Aunque la estadística no es una ciencia exacta, entre las muchas condiciones que impone la conquista del Polo Norte, hay una que es del todo inevitable. El calendario marca unos límites en el tiempo. No se puede empezar hasta que no haya acabado la noche ártica, a principios de marzo, y hay que terminar antes de que el hielo se resquebraje con la proximidad del verano, en la segunda quincena de mayo. Éste es el plazo límite.
El 28 de mayo me encontré detenido más de dieciocho horas frente a un canal de grandes dimensiones; no lograba vislumbrar el límite. A través de las fotografías del satélite mi equipo de seguimiento confirmó mis sospechas: todo lo que restaba hasta la latitud 90º N era «mar abierto». Me encontraba atrapado en una inmensa isla de hielo que navegaba a la deriva sobre el océano.
El rescate no resultó sencillo. Permanecí en el interior de la tienda sobre este islote de hielo de escasos cien metros de ancho con un viento que levantaba olas alrededor. La presencia de una foca era un claro indicio de la subida de las temperaturas.
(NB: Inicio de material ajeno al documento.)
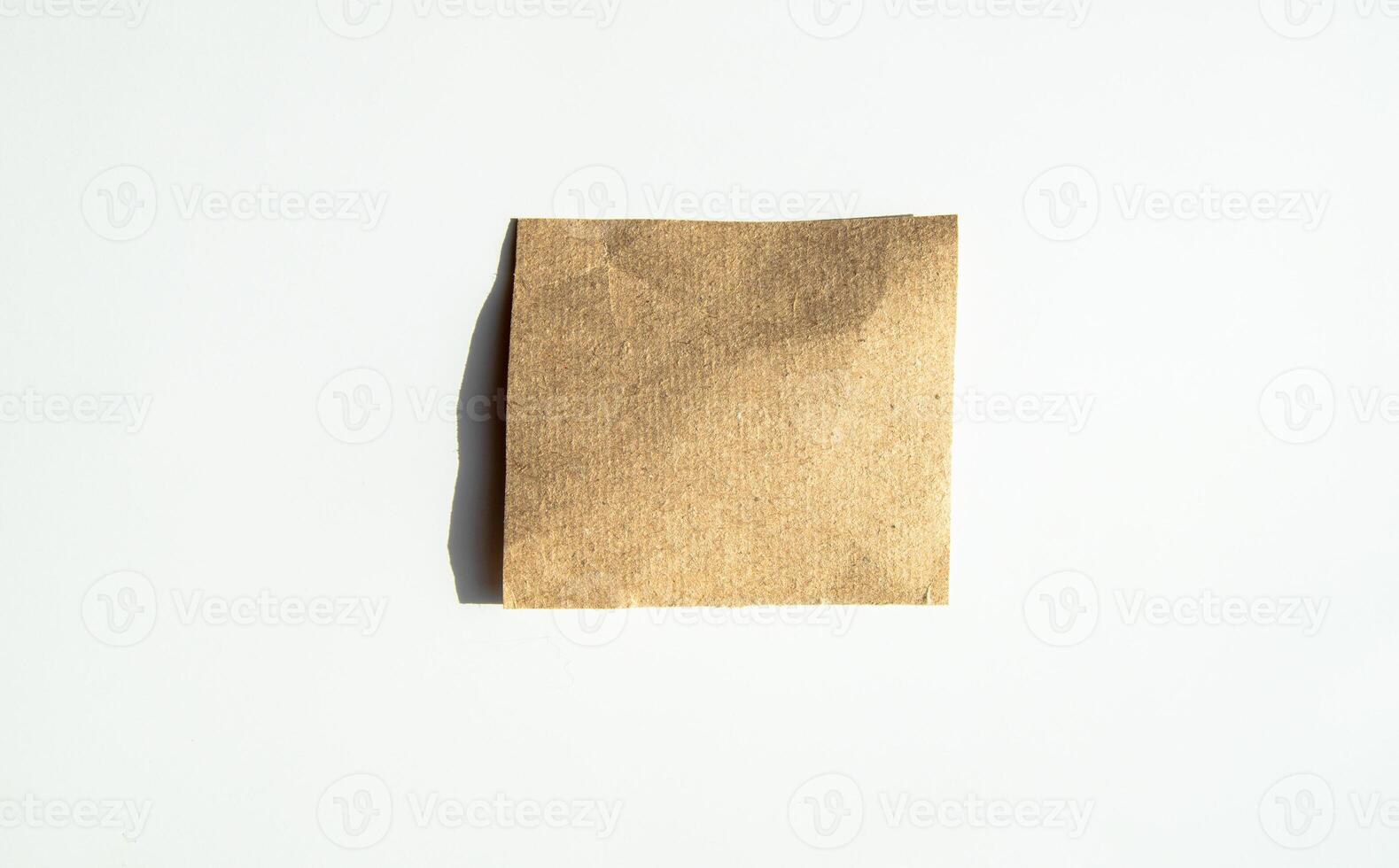 Square kraft sticker, sheet of brown note paper, isolated on a white background photo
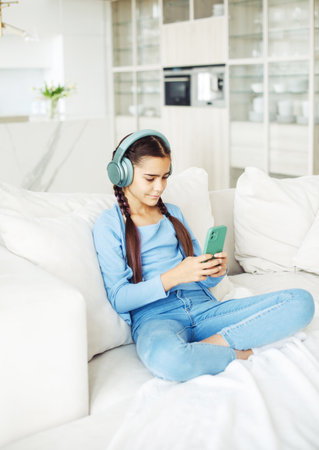Little kid cute girl sitting on sofa, using smartphone with headphones, take selfie. Kids and gadgets concept.の写真素材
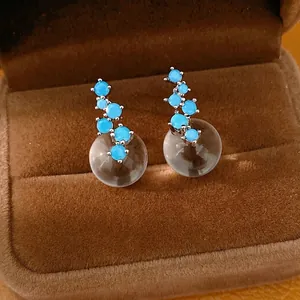 Elegant silver needle stud earrings with blue zircon cluster and clear resin sphere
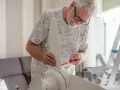 Hombre mayor instala un ventilador de techo pladur con un destornillador.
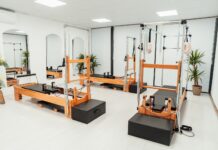 필라테스, 몸과 마음의 균형을 찾는 현대인의 건강 비법 a gym with a row of machines and mirrors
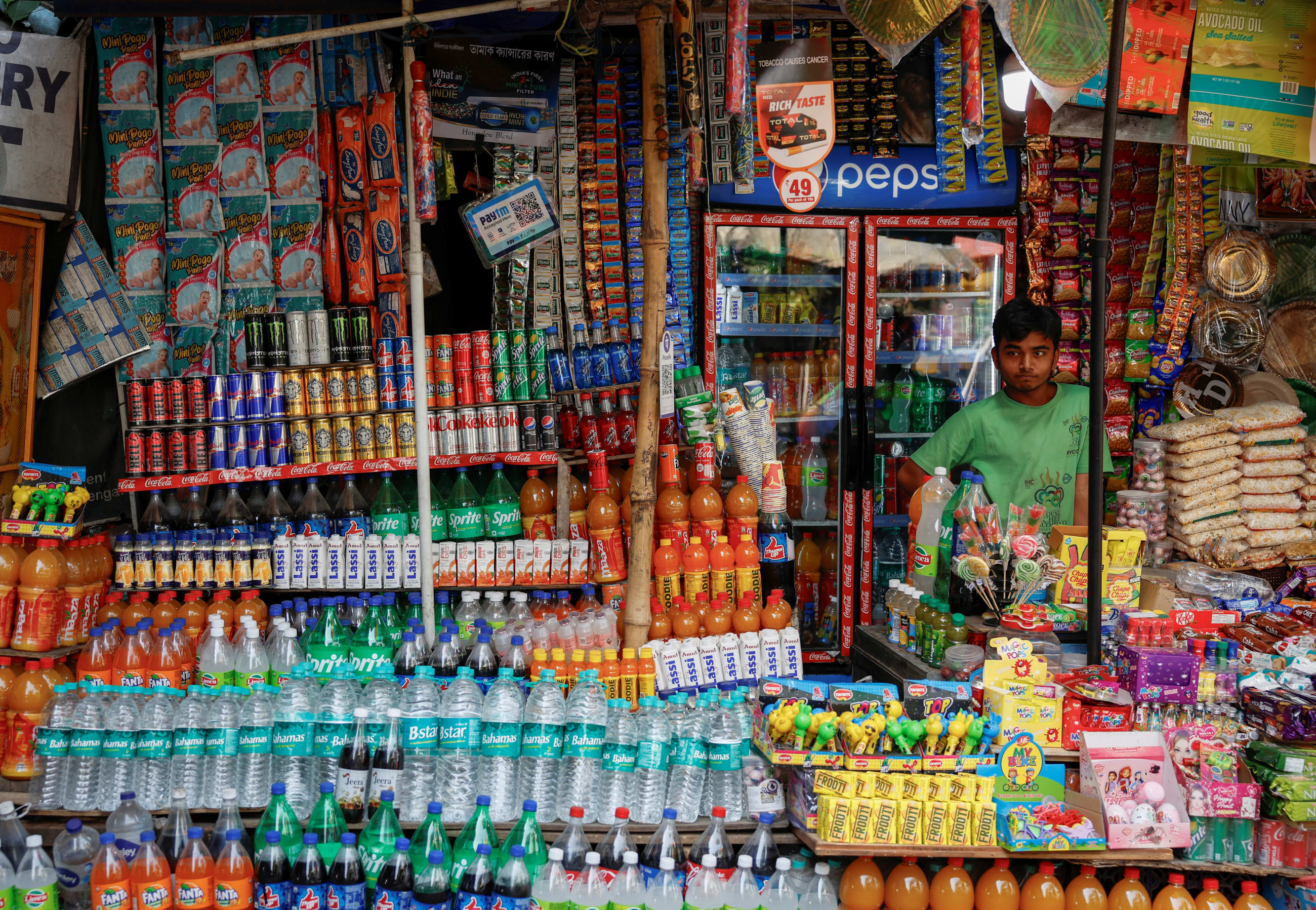 A vendor selling snacks and refreshment drinks waits for customers outside Alipore Zoological Garden, in Kolkata, India, on May 1, 2024.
Esperé 48 horas a que llegase la avioneta; en ese tiempo la plataforma en la que permanecía derivó treinta kilómetros hacia una zona próxima al Atlántico. No había duda. Era el fin.
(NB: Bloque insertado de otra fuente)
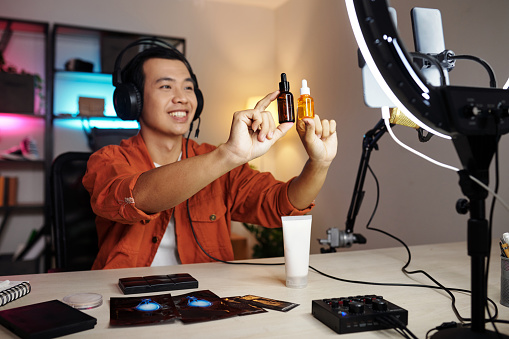 Selective focus medium portrait of joyful young Asian man sitting at desk in home studio making promotion video for new skincare products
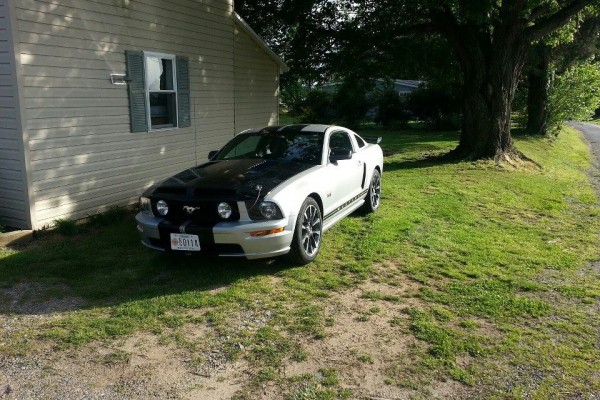 an s197 ford mustang parked near a house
Tras 78 días de lucha tuve que abandonar cuando me encontraba a tan sólo 68 kilómetros del objetivo.
Había recorrido setecientos kilómetros y tenía el Polo Norte Geográfico prácticamente al alcance de la mano. La latitud final alcanzada fue: 89º 21’ N.
UN MISTERIO NO RESUELTO
¿Cómo reacciona nuestro sentido de la vida al enfrentarnos a un territorio desconocido?
Conservando nuestra capacidad de admiración y asombro en los actos de nuestra propia vida, y manteniendo el anhelo por lo auténtico.
Tener experiencias en situaciones límite provoca una serie de reacciones que te permiten descubrir nuevos aspectos de ti mismo; aprendiendo de ello se consigue una mayor confianza en tus posibilidades y, por lo tanto, mayor seguridad a la hora de tomar decisiones a lo largo de tu vida.
He tenido la privilegiada oportunidad de experimentar la belleza de esta tierra lejana y única que conserva una identidad propia, más profunda y sutil que todo cuanto alcancé a imaginar.
El respeto y admiración que por ella siento abrigan en mí el propósito de preservar parte del misterio que encierra: algo que es preciso experimentar y para lo que no hay suficientes palabras que logren una adecuada y justa descripción.